Goa Carbon Ltd (GCL) is not doing too well today morning. The stock price touched an intraday low at Rs.313.15, going down over 2% and not too far from its 52-week low of Rs.307.
The company, the 2nd largest manufacturer of CPC (calcined petroleum coke) in India, posted a weak performance for Q1FY20. Though net sales showed a 11% (YoY) at Rs.139 crore and net loss was at Rs.5 crore v/s profit of Rs.7 crore (YoY) though it has come down from its Q4FY19 loss of Rs.9 crore. An over 150% (YoY) jump in other income and 20% drop in raw material prices was not enough to avoid the losses.
Capacity utilization of the company for Q1FY20 has come down to 76% as compared to 82% of the corresponding previous quarter.
The company said that due to challenging business environment, mainly on account of the significant increase in raw material prices and dumping of imported Calcined Petroleum Coke (CPC) at cheaper rates into India, the profit margins affected adversely resulting in loss.

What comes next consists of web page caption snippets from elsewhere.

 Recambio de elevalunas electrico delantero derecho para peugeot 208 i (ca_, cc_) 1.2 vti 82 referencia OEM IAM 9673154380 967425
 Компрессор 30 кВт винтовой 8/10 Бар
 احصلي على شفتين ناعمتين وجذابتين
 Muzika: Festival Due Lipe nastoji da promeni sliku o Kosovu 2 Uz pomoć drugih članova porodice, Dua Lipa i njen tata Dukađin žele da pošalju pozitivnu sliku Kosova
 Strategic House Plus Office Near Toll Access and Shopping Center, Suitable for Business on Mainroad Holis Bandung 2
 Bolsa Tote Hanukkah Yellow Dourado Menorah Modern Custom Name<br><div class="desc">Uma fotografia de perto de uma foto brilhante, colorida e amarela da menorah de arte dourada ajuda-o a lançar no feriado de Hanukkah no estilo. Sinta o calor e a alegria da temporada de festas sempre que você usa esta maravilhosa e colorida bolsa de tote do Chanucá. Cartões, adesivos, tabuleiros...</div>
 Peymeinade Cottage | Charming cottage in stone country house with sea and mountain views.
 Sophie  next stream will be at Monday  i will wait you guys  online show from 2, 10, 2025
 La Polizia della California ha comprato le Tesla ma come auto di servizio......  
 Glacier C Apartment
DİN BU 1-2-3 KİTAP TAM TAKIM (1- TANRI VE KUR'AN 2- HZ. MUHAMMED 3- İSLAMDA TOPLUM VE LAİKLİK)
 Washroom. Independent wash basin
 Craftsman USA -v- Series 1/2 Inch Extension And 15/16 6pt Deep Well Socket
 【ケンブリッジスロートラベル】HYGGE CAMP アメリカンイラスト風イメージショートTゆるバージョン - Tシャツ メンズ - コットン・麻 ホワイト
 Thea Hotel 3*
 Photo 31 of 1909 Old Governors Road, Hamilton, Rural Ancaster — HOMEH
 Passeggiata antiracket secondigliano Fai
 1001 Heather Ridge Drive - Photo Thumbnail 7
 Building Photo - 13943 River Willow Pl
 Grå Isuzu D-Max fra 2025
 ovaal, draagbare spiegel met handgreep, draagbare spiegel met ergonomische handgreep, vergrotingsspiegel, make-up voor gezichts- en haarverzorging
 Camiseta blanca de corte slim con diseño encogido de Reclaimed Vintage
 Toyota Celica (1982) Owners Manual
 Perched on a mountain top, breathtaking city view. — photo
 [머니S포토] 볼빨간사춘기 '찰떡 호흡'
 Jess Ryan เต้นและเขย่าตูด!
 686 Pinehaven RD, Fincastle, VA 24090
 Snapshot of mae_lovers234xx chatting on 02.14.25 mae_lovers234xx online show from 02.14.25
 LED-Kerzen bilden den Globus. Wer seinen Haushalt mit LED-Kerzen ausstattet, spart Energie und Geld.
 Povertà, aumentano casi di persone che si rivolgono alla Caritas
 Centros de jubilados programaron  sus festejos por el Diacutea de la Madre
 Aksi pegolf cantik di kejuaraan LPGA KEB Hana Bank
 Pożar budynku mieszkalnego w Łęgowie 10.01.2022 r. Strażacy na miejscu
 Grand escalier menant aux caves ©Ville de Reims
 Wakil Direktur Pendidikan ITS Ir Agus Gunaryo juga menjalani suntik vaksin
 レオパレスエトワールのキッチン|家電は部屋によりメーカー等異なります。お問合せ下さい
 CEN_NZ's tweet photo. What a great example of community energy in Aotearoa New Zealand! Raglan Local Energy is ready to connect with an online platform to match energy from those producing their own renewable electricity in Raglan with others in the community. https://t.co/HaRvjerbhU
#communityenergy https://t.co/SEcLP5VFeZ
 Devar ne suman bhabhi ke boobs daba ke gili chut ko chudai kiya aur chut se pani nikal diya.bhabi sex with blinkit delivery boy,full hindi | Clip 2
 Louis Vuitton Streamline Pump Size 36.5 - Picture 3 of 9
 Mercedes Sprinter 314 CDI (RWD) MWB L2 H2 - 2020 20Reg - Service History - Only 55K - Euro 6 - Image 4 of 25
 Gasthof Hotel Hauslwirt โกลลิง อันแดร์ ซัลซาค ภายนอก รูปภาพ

A part of the Dempo Group, GCL supplies CPC to leading domestic as well as international aluminum smelters. GCL has a total manufacturing capacity of 240,000 TPA. While it started with manufacturing facility in Goa (75,000 TPA), GCL further augmented its capacity in 2002 by acquiring a petcoke calcining unit at Bilaspur in Chhatisgarh (40,000 TPA) and Paradeep Carbons Ltd. (PCL) at Paradeep in Odisha (125,000 TPA). The Bilaspur and Paradeep units are now merged with GCL.